In The Land Of Lost Angels
Director: Bishrel Mashbat
Writer: Bishrel Mashbat
Cast: Erdenemunkh Tumursukh, Iveel Mashbat, Mike Cali, Robert Corsini, Saint Ranson, Sam Bayaraa, Uyanga Mashbat
Seen on: 26.4.2021
Ankhaa (Erdenemunkh Tumursukh) lives in LA, but his family is still in Mongolia, and in some trouble. They need money, and Ankhaa, having made it to the USA where he says he just got a big job feels responsible to deliver it. But fact is, he doesn’t have a good job. He doesn’t have any money. So he and his best friend Orgil (Iveel Mashbat) have come up with a plan, even if that plan isn’t legal.
In the Land of Lost Angels is a beautifully shot and well-acted film that hasn’t quite gotten its rhythm right. But it’s definitely a very promising debut.
The story In the Land of Lost Angels tells isn’t exactly a new story, but that’s not that important because its themes still resonate: the friendship between Ankhaa and Orgil. The desperation at the dissolution of the “American Dream” or maybe the “Immigration Dream” of doing better in the new country, of being able to support the family. The disbelief and also envy at the richness of (white) people who have a cushy existence but are unwilling to share.
The film’s bigger problem is not so much that the story isn’t all that fresh (though the setting within the Mongolian immigrant community certainly is), but rather that the pacing isn’t quite right. At times the film moves too slowly, then things happen very fast. I was missing a good rhythm to the storytelling.
That is more than outweighed, though, by the fantastic performances by both Tumursukh and Mashbat, especially the former. His quiet presence was a mixture of desperation and hope that I found really captivating (and, on a completely different note, that dude has thighs for days, hot damn).
But probably the the film’s strongest part was its cinematography. There is usually a tinge of “trying too hard” in films that are shot in black and white now, but I found it very fitting here: it mirrors the lack of options that Ankhaa and Orgil face.
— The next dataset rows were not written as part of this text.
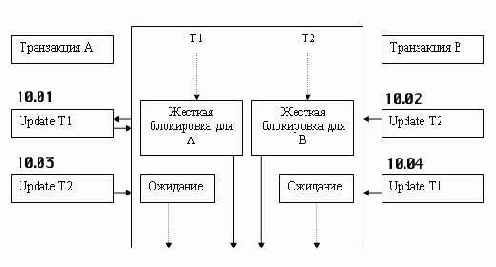 �� ���� ��������� ���������� 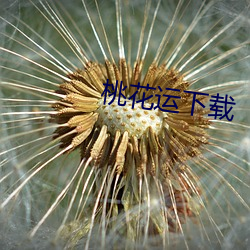 桃(táo)花运(yùn)下(xià)载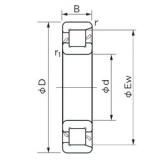 25 mm x 52 mm x 15 mm  NACHI NF 205 Rolamentos cilíndricos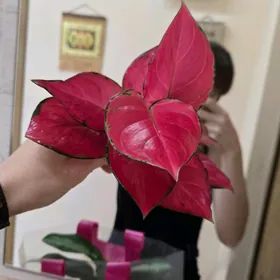 Аглаонема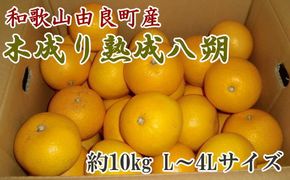 【産直】和歌山由良町産の木成り熟成八朔約10kg（L～4Lサイズをお届け）※2025年3月中旬～2025年4月下旬頃に発送（お届け日指定不可）【tec876A】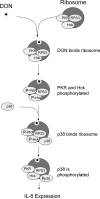 FIG. 11.
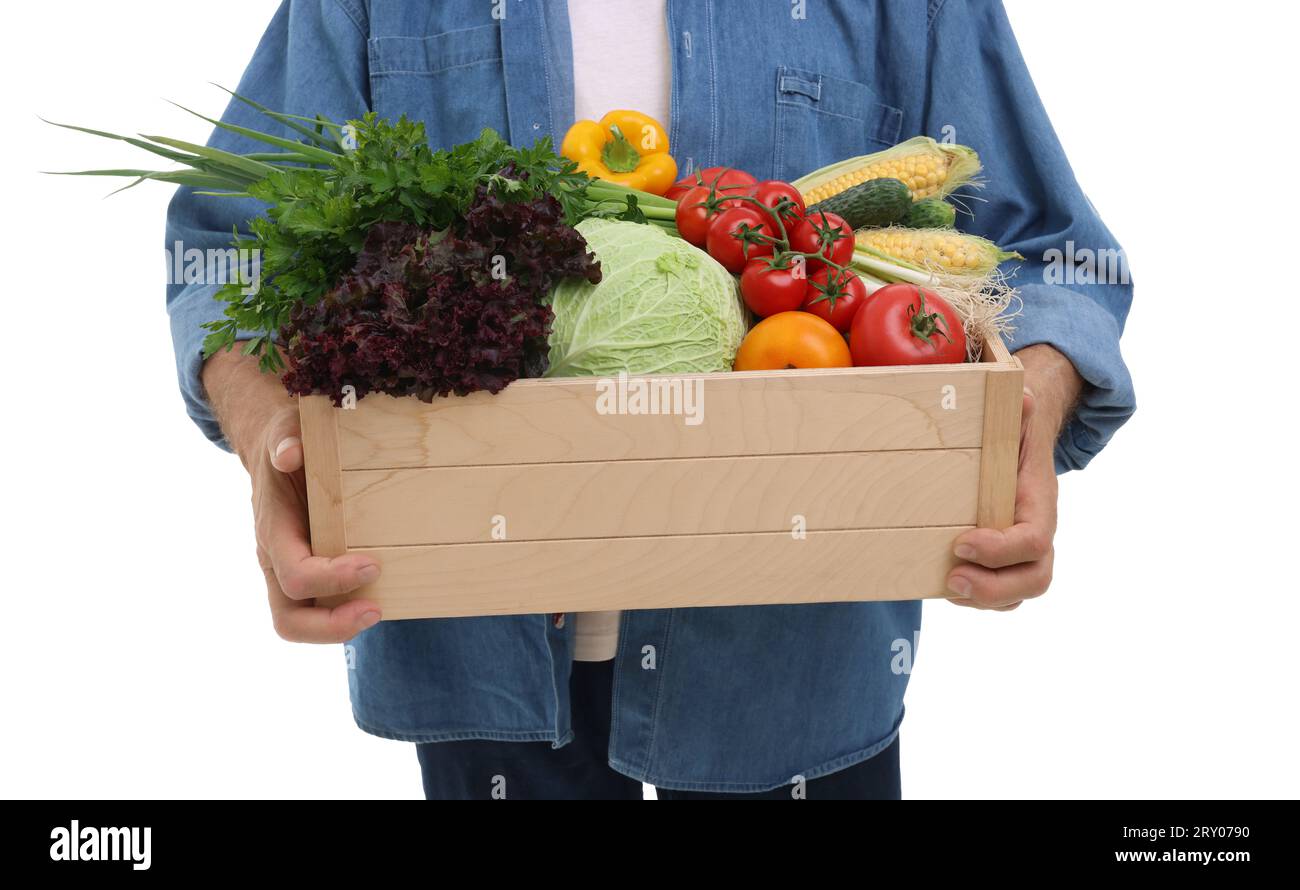Harvesting season. Farmer holding wooden crate with vegetables on white ...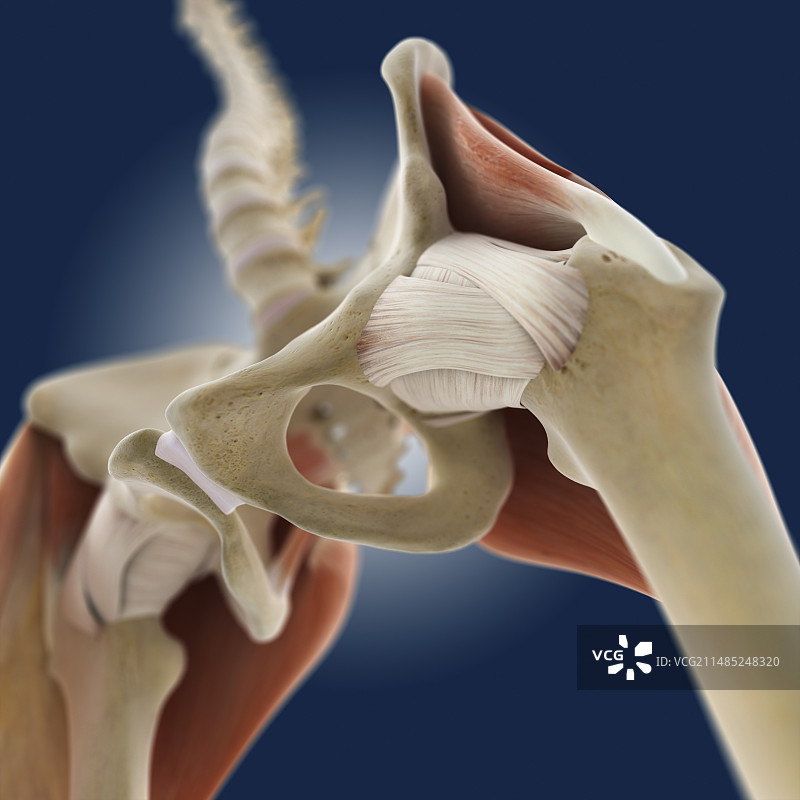 髋部解剖结构图图片素材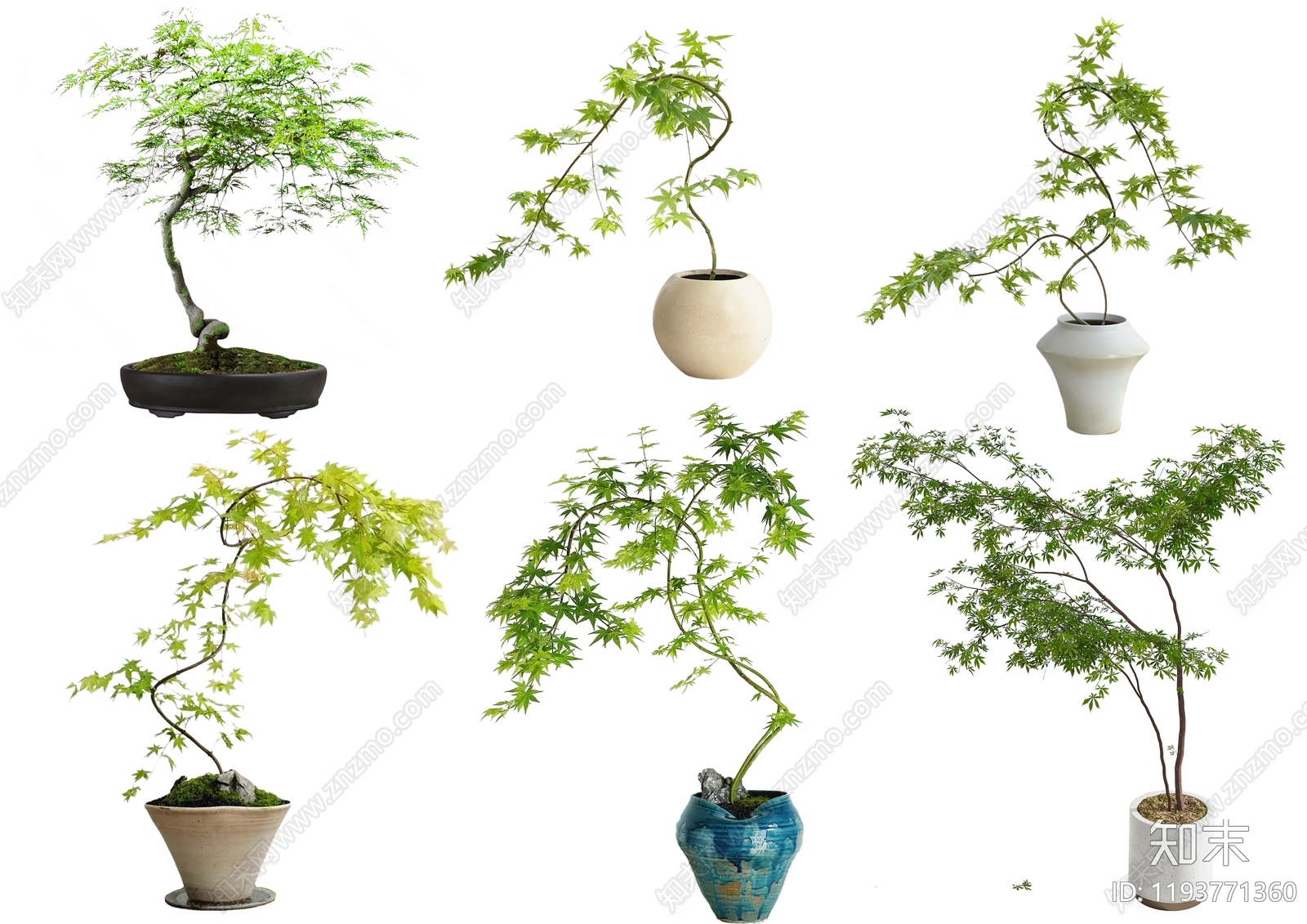 盆栽设计素材精品下载_知末网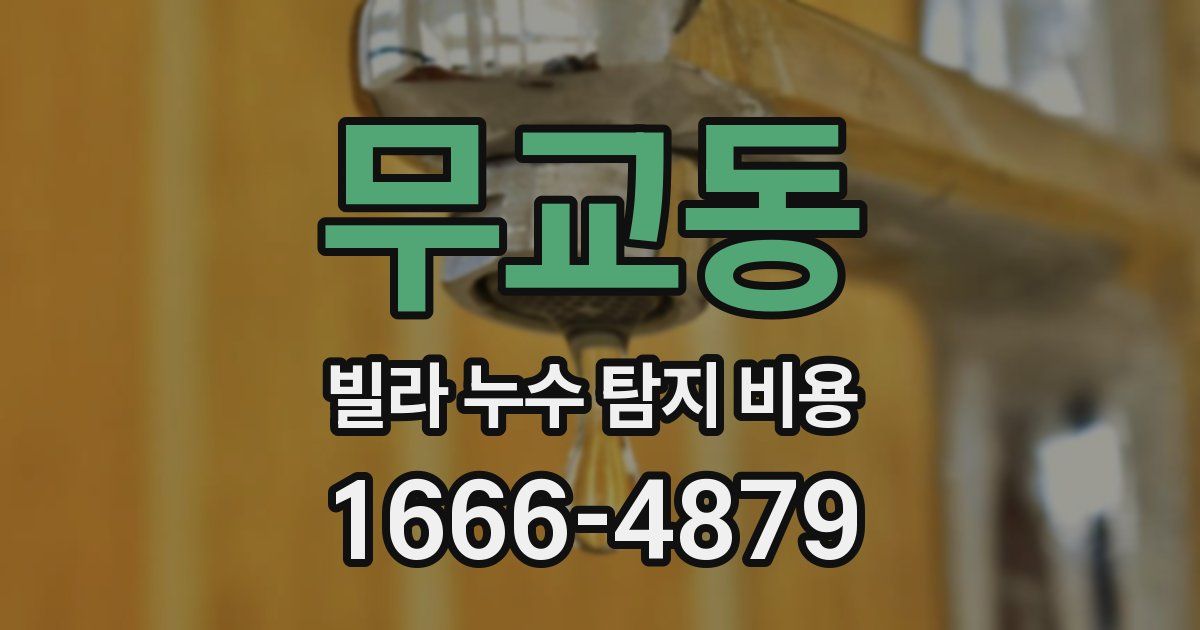 무교동 빌라 누수 탐지 비용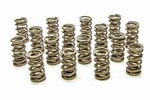 Racing PAC-1207X-16 1.304 Dual Valve Springs Rpm Series (16). Fixed Price $397.96.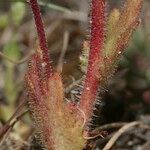 Saxifraga carpetana पत्ता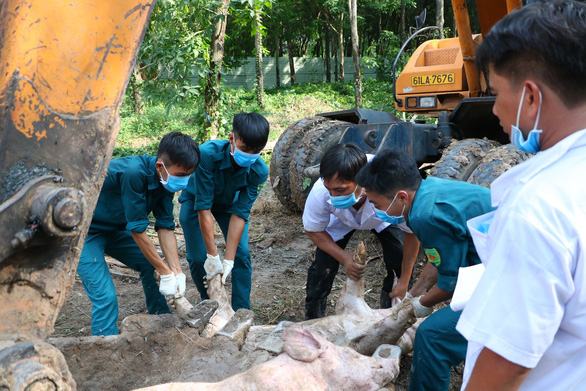 Lực lượng chức năng tiêu hủy khẩn cấp đàn heo bị nhiễm dịch đầu tiên tại huyện Phú Giáo, tỉnh Bình Dương - Ảnh: B.S.
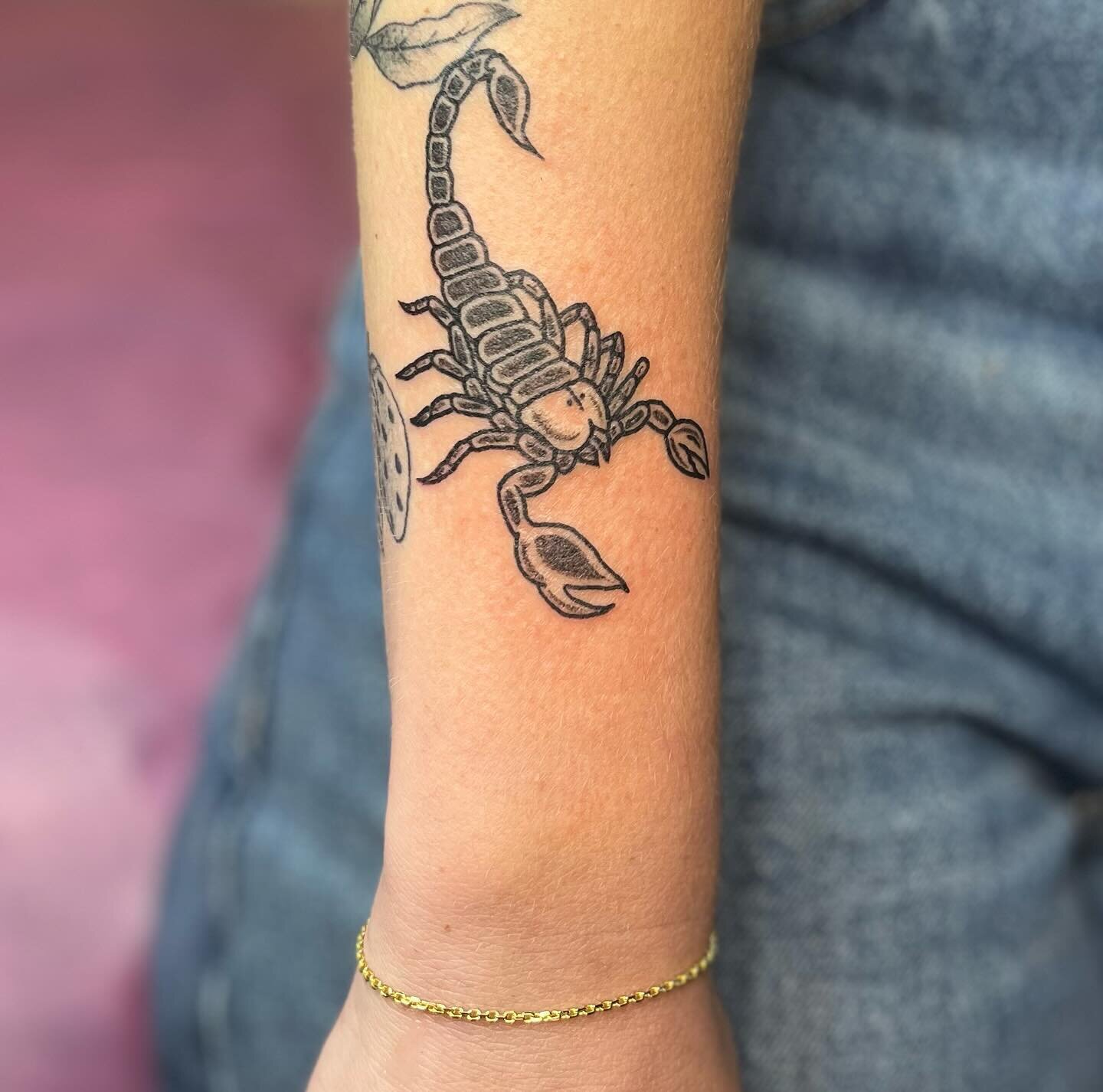 🦂 fun little guy from yesterday!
They often use creative camera angles that make the film feel a little experimental and not as polished. This also offsets the conservativeness of the black and white images.
Overall, I found the film very engaging, especially for a debut. It wouldn’t have hurt if they had found more than one woman in the entirety of LA, but I’ll let it slide this time. The film has other strengths.
Summarizing: absolutely worth watching.